> RAW DATA:
● ● ● ● ● ● ●
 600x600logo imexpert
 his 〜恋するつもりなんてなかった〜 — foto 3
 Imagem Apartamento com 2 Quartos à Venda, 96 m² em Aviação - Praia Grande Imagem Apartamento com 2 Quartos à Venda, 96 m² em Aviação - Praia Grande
● ● ● ● ● ● ●
Copy the full listing exactly.

> RESULT:
 600x600logo imexpert
 his 〜恋するつもりなんてなかった〜 — foto 3
 Imagem Apartamento com 2 Quartos à Venda, 96 m² em Aviação - Praia Grande Imagem Apartamento com 2 Quartos à Venda, 96 m² em Aviação - Praia Grande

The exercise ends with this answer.